Durante la tiranía del traidor González Videla, también el furor oligárquico cayó sobre Horizonte, ahogándola hasta cerrarla en 1948. Su gerente era entonces un obrero gráfico, Américo Zorrilla, primer Ministro de Hacienda del Gobierno Popular derribado hace dos días. Empastelada su imprenta, presos sus trabajadores en el campo de concentración de Pisagua, los periódicos patriotas allí editados continuaron viviendo en nacimientos y distribución clandestinos, custodiados por la invisible capacidad creadora de los trabajadores, organizando y activando la lucha que llevaría al aislamiento y derrota del régimen traidor.

Sus talleres de calle Lira 363 han sido nuevamente profanados. ¡Qué tremenda vejación se comete otra vez contra los trabajadores más conscientes de este país, superando los rigores de la persecución de comienzos de siglo cuando a los dirigentes obreros se les consideraba bandidos y el ejército y la policía los baleaba donde los capturaba. La presencia de los compañeros de Horizonte, aunque parezca irónico, nos trae fe rabiosa en que volveremos a levantarnos. En que reconstruiremos pulgada a pulgada lo que el pueblo se dio en escuela de medio siglo. Y que esta derrota no es más que una de las lecciones históricas de las que debemos aprender para que nuestra próxima arremetida sea tan poderosa que jamás el pueblo vuelva a ser pateado.
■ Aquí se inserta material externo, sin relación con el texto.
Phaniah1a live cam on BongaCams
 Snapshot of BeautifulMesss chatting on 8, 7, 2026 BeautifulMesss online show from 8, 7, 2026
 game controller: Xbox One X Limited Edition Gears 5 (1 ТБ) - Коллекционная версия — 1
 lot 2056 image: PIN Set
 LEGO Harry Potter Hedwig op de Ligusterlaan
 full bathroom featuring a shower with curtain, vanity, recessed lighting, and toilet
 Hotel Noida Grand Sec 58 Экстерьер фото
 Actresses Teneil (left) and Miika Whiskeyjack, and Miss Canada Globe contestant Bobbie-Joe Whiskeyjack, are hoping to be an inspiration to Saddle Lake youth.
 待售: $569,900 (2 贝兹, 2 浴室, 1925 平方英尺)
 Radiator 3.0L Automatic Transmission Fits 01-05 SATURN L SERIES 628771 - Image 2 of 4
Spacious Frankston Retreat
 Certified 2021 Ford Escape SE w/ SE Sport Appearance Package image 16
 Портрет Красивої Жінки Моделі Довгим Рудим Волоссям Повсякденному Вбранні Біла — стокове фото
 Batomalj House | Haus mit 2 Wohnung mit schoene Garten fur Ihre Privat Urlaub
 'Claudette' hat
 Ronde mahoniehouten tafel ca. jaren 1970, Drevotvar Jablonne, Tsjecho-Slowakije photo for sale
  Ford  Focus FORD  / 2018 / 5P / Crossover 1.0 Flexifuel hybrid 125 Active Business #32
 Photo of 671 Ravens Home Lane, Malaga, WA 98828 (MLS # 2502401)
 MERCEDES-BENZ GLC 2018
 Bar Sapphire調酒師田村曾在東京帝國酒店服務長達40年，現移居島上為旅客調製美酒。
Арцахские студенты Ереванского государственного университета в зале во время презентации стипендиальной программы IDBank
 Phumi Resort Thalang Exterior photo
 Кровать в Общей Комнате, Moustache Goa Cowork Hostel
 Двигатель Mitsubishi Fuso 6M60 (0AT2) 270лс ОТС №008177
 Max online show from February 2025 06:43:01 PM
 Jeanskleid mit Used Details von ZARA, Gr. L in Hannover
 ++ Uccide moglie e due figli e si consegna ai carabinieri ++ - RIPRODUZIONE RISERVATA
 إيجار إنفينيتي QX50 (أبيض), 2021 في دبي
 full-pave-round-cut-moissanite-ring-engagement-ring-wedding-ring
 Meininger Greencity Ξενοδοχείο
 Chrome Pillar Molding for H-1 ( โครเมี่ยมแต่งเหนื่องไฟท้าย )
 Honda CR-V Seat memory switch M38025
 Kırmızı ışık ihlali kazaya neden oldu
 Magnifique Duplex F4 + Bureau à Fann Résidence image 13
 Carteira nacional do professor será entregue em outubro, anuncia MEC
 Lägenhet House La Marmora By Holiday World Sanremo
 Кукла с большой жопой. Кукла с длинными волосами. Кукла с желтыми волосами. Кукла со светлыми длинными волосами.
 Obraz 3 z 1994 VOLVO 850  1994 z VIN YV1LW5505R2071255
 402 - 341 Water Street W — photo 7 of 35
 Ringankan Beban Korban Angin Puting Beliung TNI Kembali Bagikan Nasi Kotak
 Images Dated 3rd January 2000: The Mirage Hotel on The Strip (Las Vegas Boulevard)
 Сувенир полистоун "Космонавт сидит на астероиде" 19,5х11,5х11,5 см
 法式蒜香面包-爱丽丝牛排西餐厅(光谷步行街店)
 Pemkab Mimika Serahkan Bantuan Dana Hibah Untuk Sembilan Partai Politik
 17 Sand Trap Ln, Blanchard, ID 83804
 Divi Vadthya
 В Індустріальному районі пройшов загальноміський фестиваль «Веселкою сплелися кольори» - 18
Las mancomunales obreras organizadas por Recabarren a comienzos de siglo en el norte vivieron rigores como éstos. En Punta Arenas incendiaron los locales sindicales con los obreros dentro, quemándolos vivos. En Antofagasta los echaban a correr por la pampa y los "palomeaban" por la espalda. En Valparaíso los arrojaron al océano asfixiándose en sacos paperos. En Temuco y Colchagua les amarraban en porquerizas y eran devorados por los cerdos. En la Escuela Santa María de Iquique masacraron a varios miles en un solo día. En Ranquil fusilaron a los campesinos con sus mujeres e hijos y prendieron fuego a sus ranchos, y ¿si hubo tanta brutalidad inútil, creen que insistiendo ahora con los mismos métodos, van a conseguir asentarse indefinidamente en el trono movido por control remoto desde Washington...?

(Recabarren, presos como tú, los gráficos como tú de Horizonte, conquistarán la libertad apoyados por el brazo del que no cayó. Y aparecerá otra vez "El Siglo" como tantas madrugadas amanecieron con los periódicos que escribiste para orientar el puño obrero. Los tres años de dignidad de Chile serán de lección y meta. Tu partido sigue al frente. Los mineros del carbón marcharán de nuevo sobre Concepción. Los salitreros arriarán las insignias del Pirata North que les imponen a tiros. El cobre no está solo. En el campo hay siembras. El socialismo que nos describiste y enseñaste a amar estuvo a un paso. Llegaremos).

Se completaron todos los espacios vacíos de la cancha. Ya no hay lugar en el Estadio. Ahora inmovilizan a los que llegan en los pasillos, entre las puertas de cristal de la entrada central. Hacinamiento iluminado a toda potencia por las luces de colores del Estadio, reflectores que nos recorren alumbrándonos siempre a los ojos. Desde las plataformas nos apuntan las ametralladoras y los piquetes de soldados. Segunda noche sin dormir. En la calle balean para los saltos de los que todavía no han entrado y mantienen su ritmo de rodillas al aire desde hace doce lloras. Pronto el espectáculo ingresará también especialmente preparado para nosotros por las computadoras de la CIA en Lengly.